As Olavi seduced a succession of naive girls in Song of the Red Flower, so Maija is betrayed by a series of duplicitous men— among them a Nazi (or Soviet) spy. Given this Job- like saga's absurdly escalating melodramatic twists (including a surprise, implacably accusatory appearance by the heroine's irascible mother), The Way You Wanted Me can be easily imagined as fodder for Kaurismäkian irony. Tulio, however, is in no way detached: He opts for unrelenting intensity and, since the ending is known from the onset, the systematic obliteration of false hope.

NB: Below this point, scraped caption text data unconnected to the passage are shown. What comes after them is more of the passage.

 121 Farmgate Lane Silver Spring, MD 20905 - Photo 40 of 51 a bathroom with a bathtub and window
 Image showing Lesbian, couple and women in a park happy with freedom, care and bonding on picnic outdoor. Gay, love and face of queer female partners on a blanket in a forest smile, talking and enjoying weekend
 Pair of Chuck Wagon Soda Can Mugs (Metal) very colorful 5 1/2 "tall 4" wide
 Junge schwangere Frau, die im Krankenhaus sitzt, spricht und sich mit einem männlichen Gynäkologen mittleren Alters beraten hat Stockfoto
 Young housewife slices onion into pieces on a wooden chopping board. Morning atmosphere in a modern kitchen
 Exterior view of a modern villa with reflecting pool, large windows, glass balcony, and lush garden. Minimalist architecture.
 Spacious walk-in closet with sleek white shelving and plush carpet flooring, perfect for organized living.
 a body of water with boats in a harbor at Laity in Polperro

Loosely based on Pushkin's story "The Station-Master," Cross of Love (1946) is similar to The Way You Wanted Me in its depiction of the innocent provincial girl Riita— a lighthouse keeper's daughter who is seduced, abandoned, socially rejected, and indelibly played by Tulio's companion and collaborator, the natural beauty and relentless over-dramatizer Regina Linnanheimo. Total madness, even by Tulio standards: The opening juxtaposes stormy seas, capsizing boats, forbidding rocks, and squawking parrots— not to mention the ranting drunken paranoia of crazy old Lighthouse-Kalle (Oscar Tengström, another shameless ham). The movie's title is a literal one, referring to the portrait of Riita painted by a young artist who reliably fails to ever see who she truly is. The tale of Riita's burden builds to a fantastic crescendo, an amalgam of guilt, subterfuge, and extreme performance.

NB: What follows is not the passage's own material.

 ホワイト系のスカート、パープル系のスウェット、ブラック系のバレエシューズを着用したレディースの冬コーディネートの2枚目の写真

As noted by the Finnish film historian Peter von Bagh, Linnanheimo is a star "who eventually abandoned all acting 'norms'" and whose "depictions of hysteria, panic, fear, and madness [were] a grand statement even on the scale of world melodrama." So, too, her director: One watches with mounting dread the scene in which the bamboozled Lighthouse-Kalle insists on dancing the traditional "tricky polka" at his daughter's fake wedding. The inevitable car wreck is delayed but only for the moment—first, an old floozy must sing a Russian gypsy ballad. Speaking as one who has become acquainted with the Tulioesque, the crucifixion doesn't disappoint.